> _Goal of the exercise_
Please transcribe the lines below exactly, and leave every image behind.

> _Supplied data_

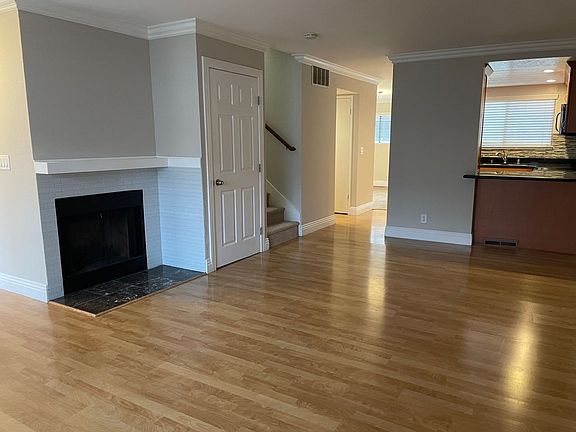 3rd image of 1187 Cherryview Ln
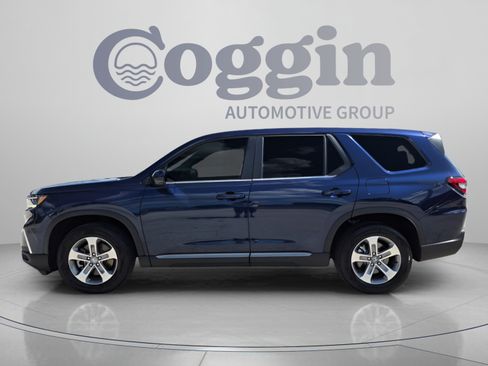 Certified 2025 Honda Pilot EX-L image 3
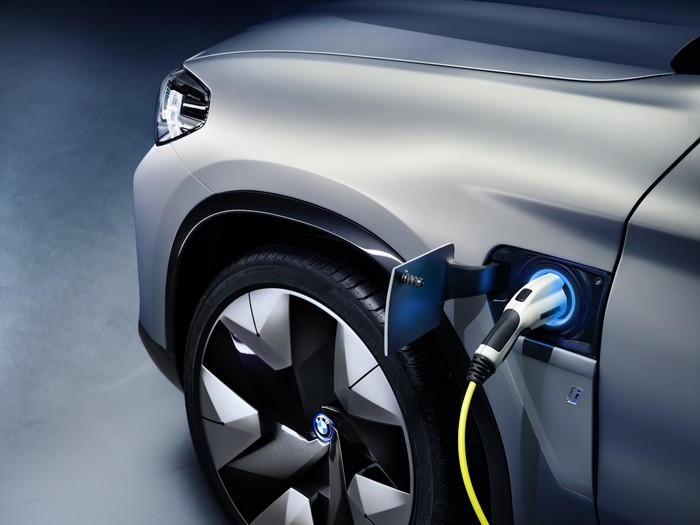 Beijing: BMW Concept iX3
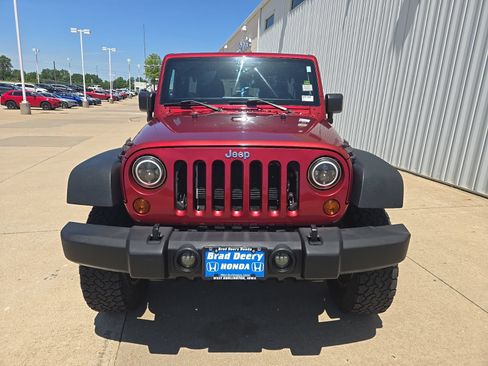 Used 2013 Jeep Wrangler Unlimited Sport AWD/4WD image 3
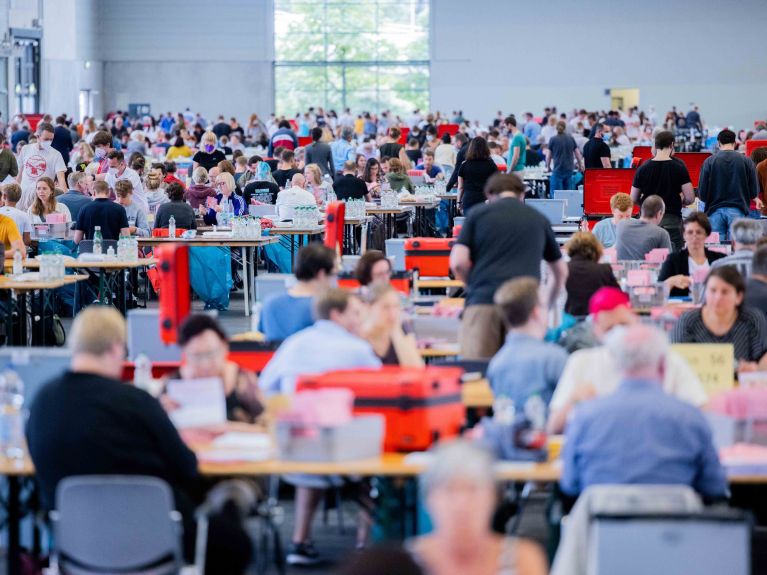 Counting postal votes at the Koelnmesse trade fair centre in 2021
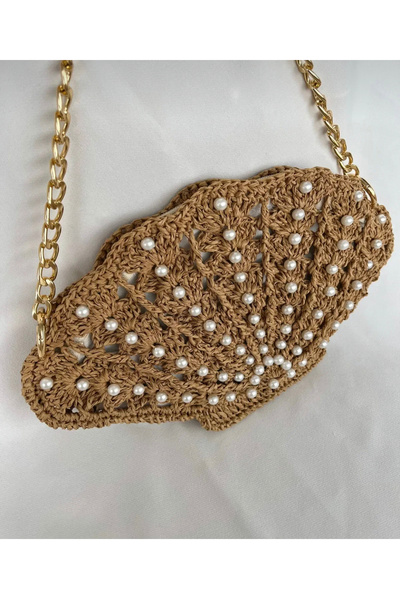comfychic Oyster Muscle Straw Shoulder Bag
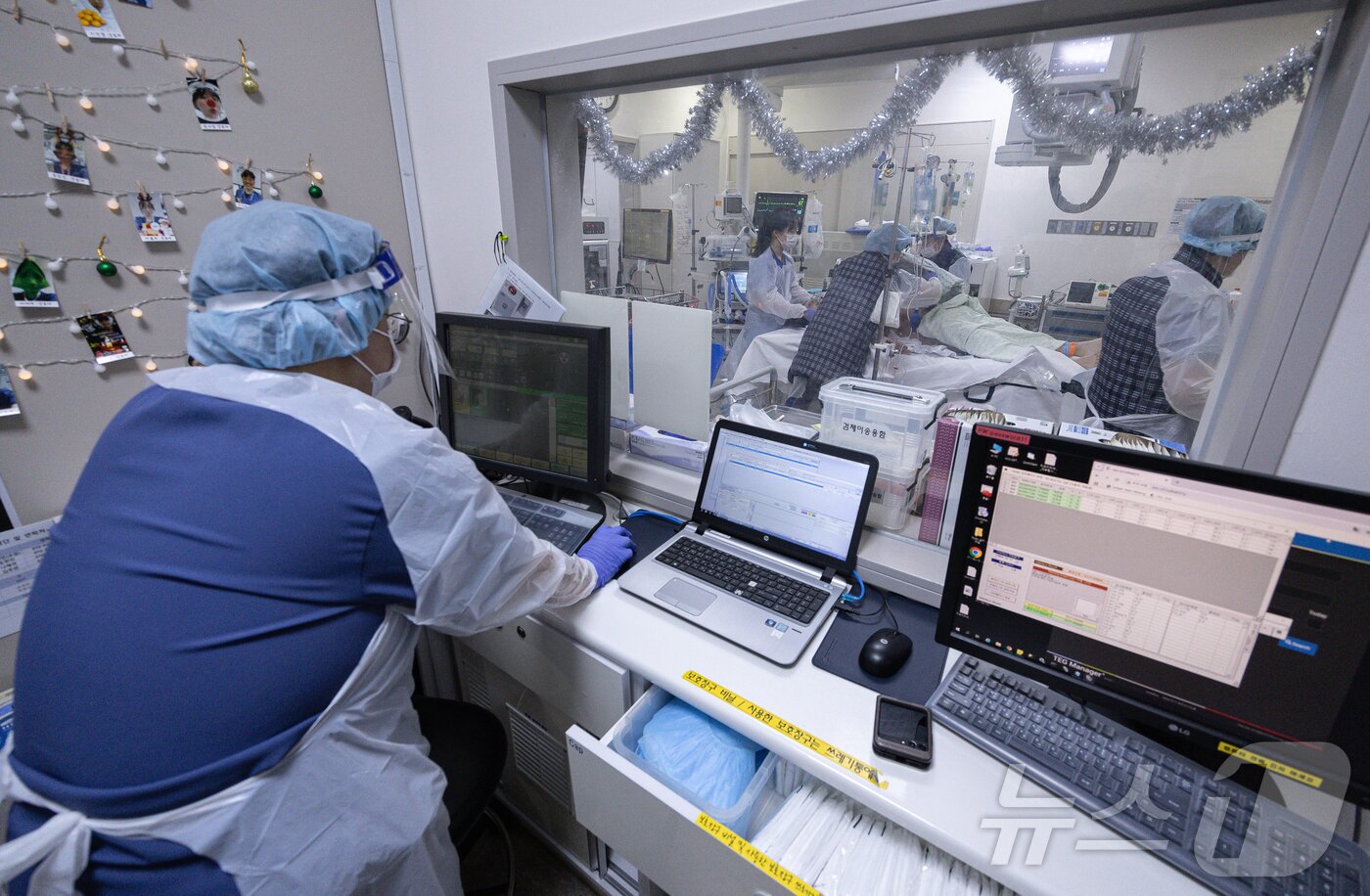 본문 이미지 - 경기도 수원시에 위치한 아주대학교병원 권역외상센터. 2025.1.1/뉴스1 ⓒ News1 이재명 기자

> _Solution for this task_
 3rd image of 1187 Cherryview Ln
 Certified 2025 Honda Pilot EX-L image 3
 Beijing: BMW Concept iX3
 Used 2013 Jeep Wrangler Unlimited Sport AWD/4WD image 3
 Counting postal votes at the Koelnmesse trade fair centre in 2021
comfychic Oyster Muscle Straw Shoulder Bag
 본문 이미지 - 경기도 수원시에 위치한 아주대학교병원 권역외상센터. 2025.1.1/뉴스1 ⓒ News1 이재명 기자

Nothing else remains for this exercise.